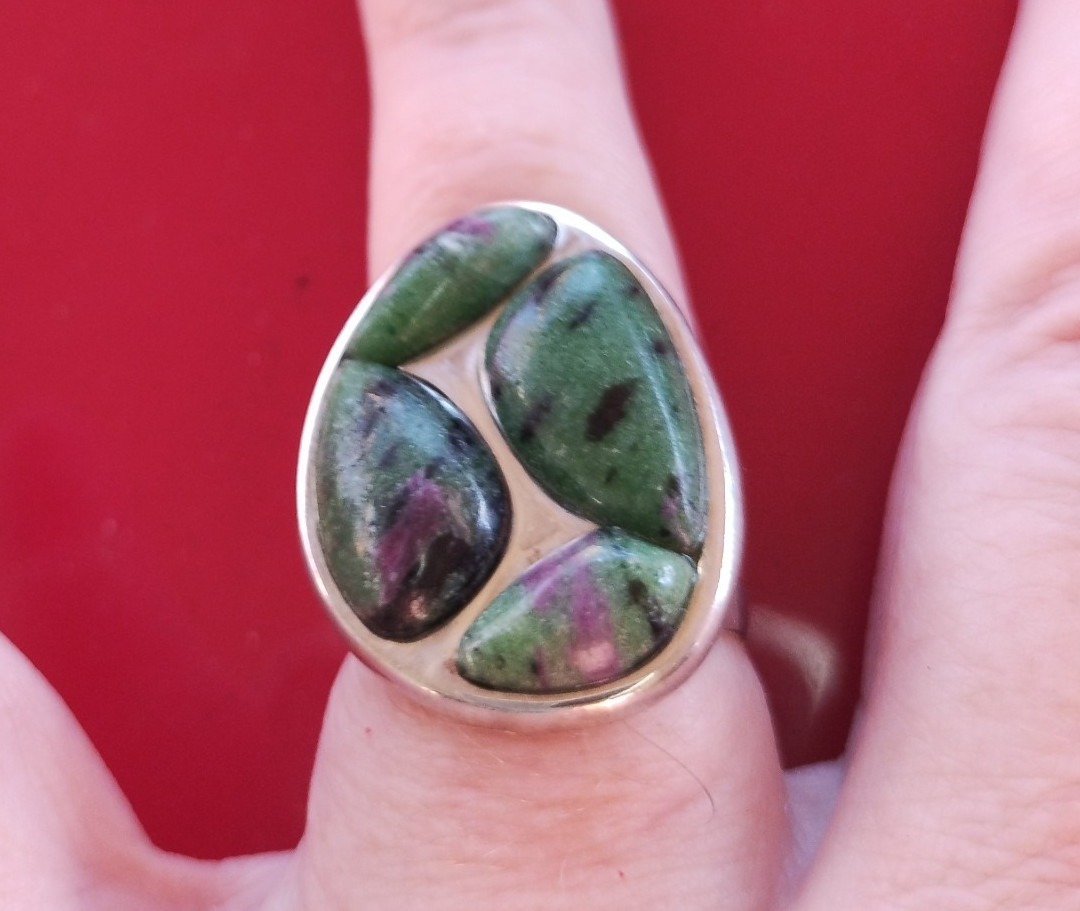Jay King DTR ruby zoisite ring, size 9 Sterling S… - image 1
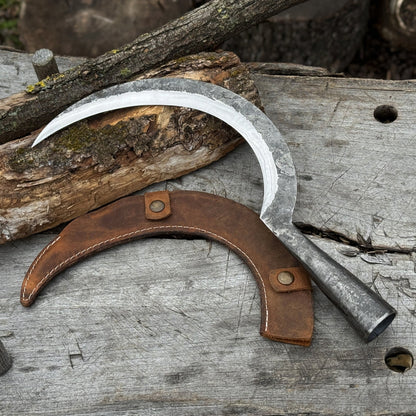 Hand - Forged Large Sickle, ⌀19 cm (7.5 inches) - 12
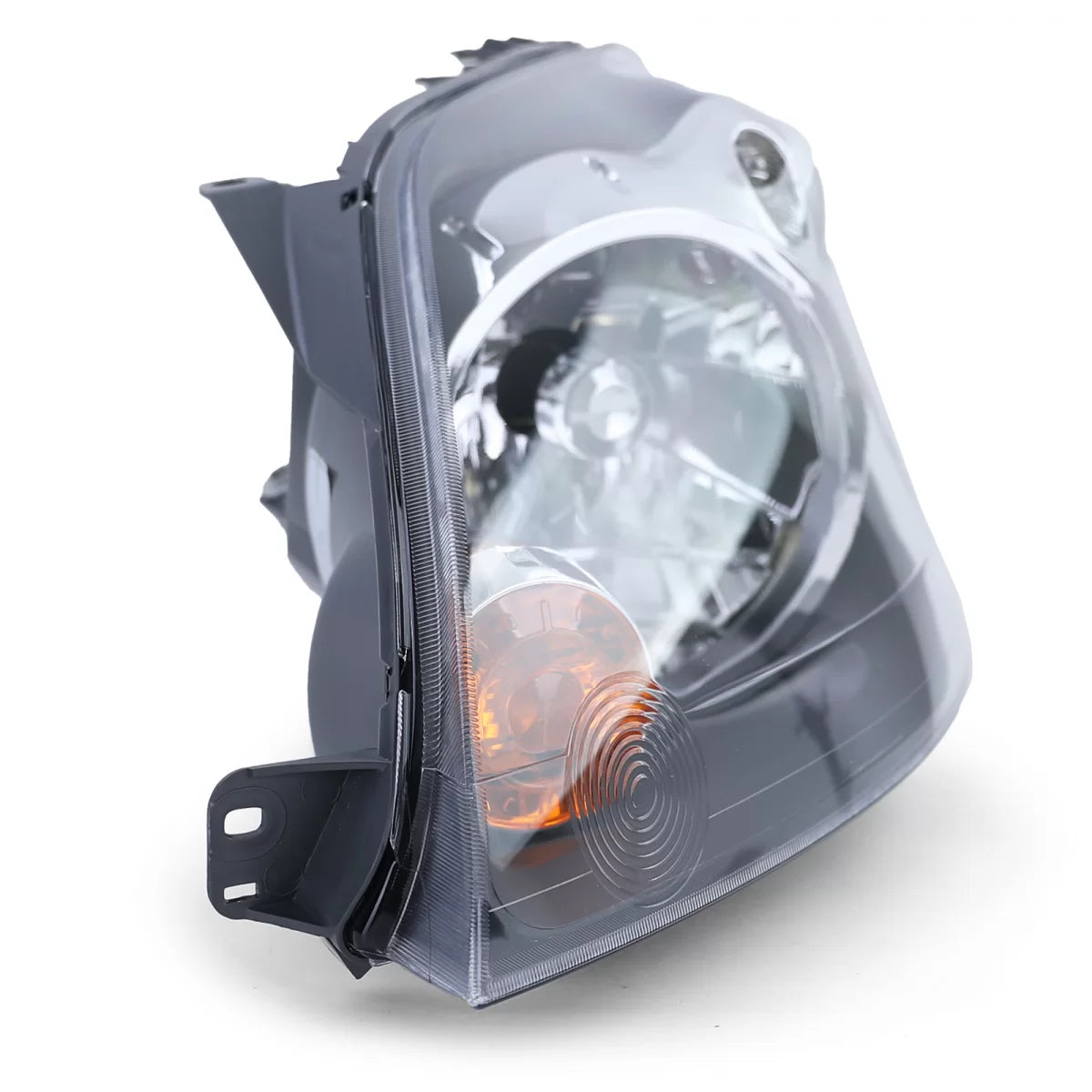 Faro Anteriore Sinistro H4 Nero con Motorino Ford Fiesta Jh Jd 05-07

--

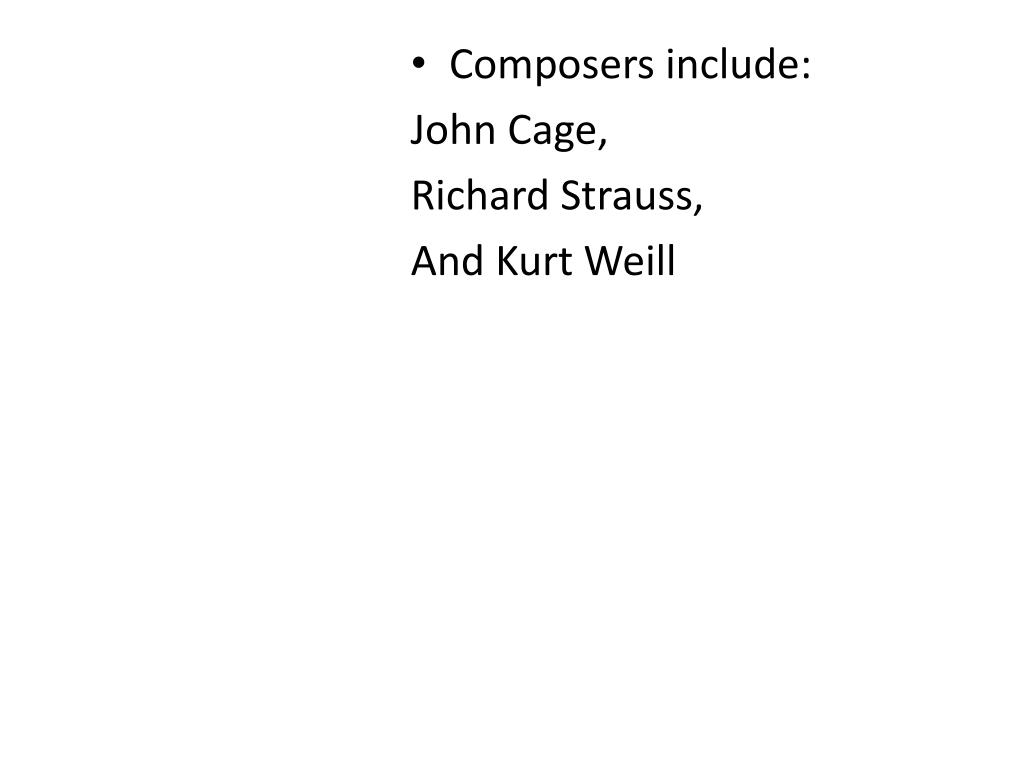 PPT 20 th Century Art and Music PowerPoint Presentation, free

# Instructions to follow
Of all the material above, only the lines from the one that has "Jay King DTR" down to the one that has "Faro Anteriore Sinistro" are to be written out, exactly and with both ends included. Pictures are skipped.

# Completed exercise
Jay King DTR ruby zoisite ring, size 9 Sterling S… - image 1
 Hand - Forged Large Sickle, ⌀19 cm (7.5 inches) - 12
 Faro Anteriore Sinistro H4 Nero con Motorino Ford Fiesta Jh Jd 05-07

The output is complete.